Singulière procédure américaine qui commence par ignorer la présomption d’innocence avant de laisser à l’accusation la charge de la preuve. Mais sans doute, si elle a toujours aussi bien fonctionné, faut-il y voir des éléments positifs indéniables que, pour ne connaitre que la procédure française, nous ignorons encore largement.
En tout état de cause, les prochains mois, si DSK maintient sa stratégie de défense, seront ceux de grands déballages dont certains peuvent bien être cousus de fil blanc.
Il ne me semble, à moi en tout cas, pas judicieux que l’issue du procès tienne aussi à une bataille de chiffonniers avec ce genre d’arguments. N’est-il pas possible, à l’heure actuelle que la communauté peuhle de Guinée dont est issue la plaignante et ont on connait la solidarité, se passe le mot pour présenter aux différents enquêteurs une image totalement, mais faussement immaculée de Nafissatou Diallo ? N’est-il pas également envisageable que les forces de l’argent, au service de la défense de DSK réussissent à détecter des témoins à décharge plus ou moins encouragés à discréditer la présumée victime ? Et ces mêmes pouvoirs d’argent et ces réseaux politico-financiers qui ont pendant de si nombreuses années réduit à quia d’éventuelles plaintes en France contre DSK ne pourraient-ils pas de nouveau entrer en scène ?

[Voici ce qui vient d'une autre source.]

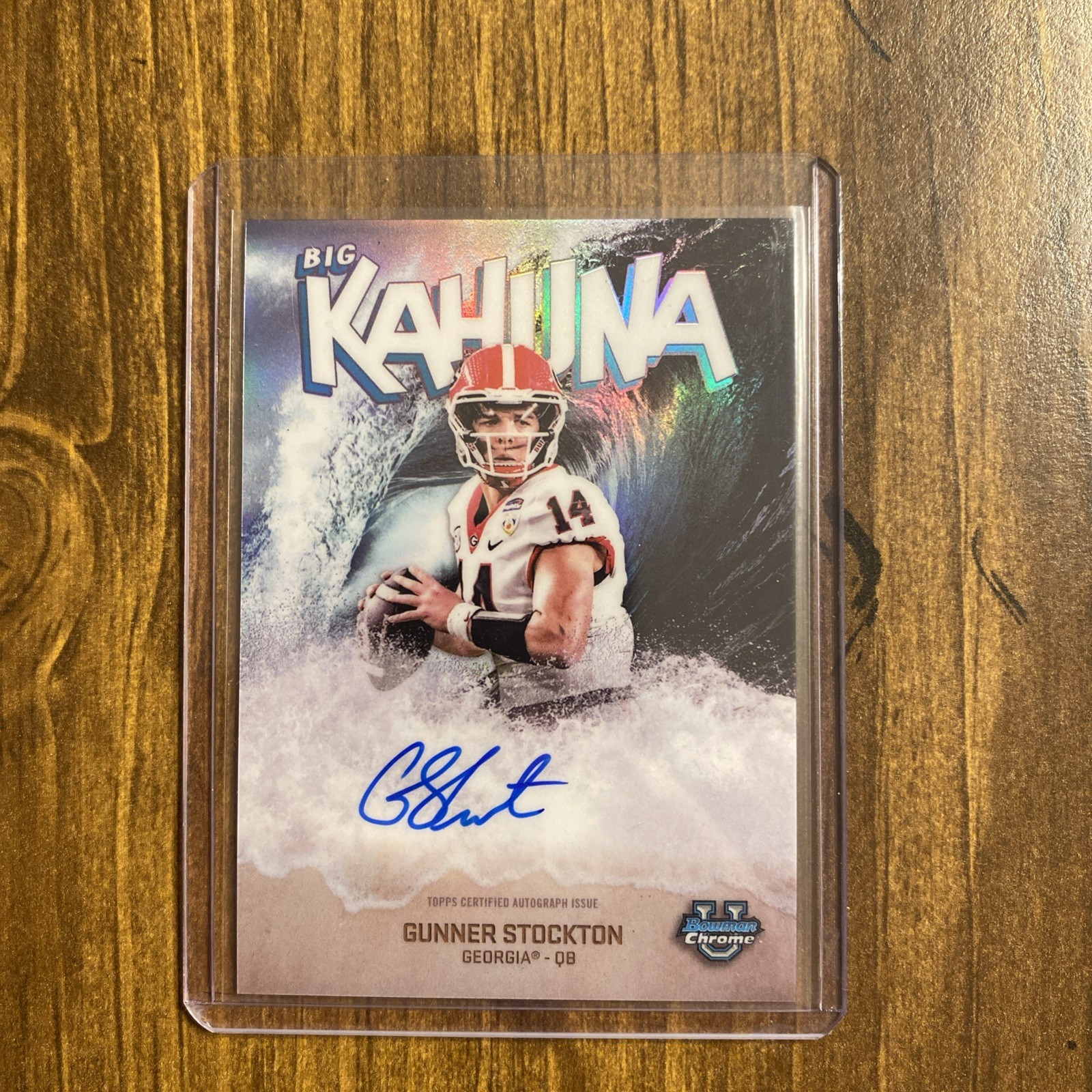 2025 GUNNER STOCKTON Bowman U Chrome Big Kahuna SSP ON CARD AUTO 🔥 Georgia
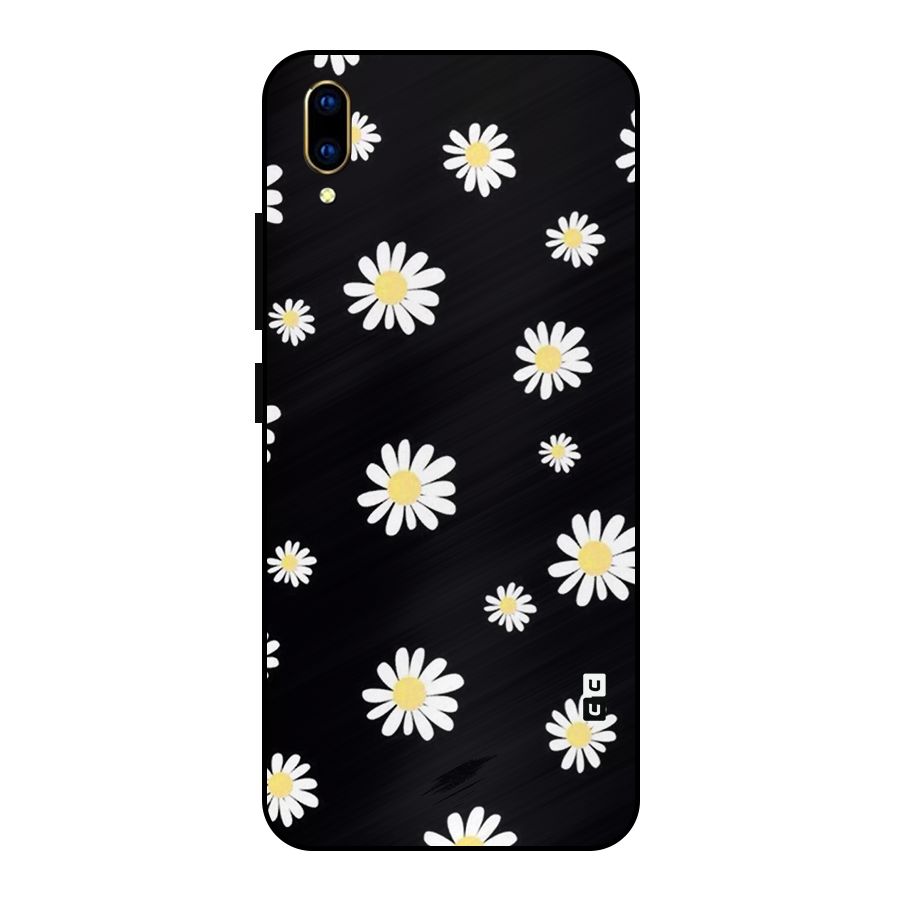 Simple Sunflowers Pattern Metal Back Case for Vivo V11 Pro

L’issue du procès Strauss Kahn, s’il a lieu, risque fort de n’être point celle de la justice et de l’équité. Un puissant homme politique en sortira de toute façon laminé. Mais une pauvre petite jeune femme africaine, dont tout le tort aura été d’avoir voulu faire son boulot, pourrait en sortir tout autant meurtrie. Pour peu qu’elle ait dit la vérité jusque-là. Mais, il en est de la justice américaine comme de la politique. Il ne faut jurer de rien.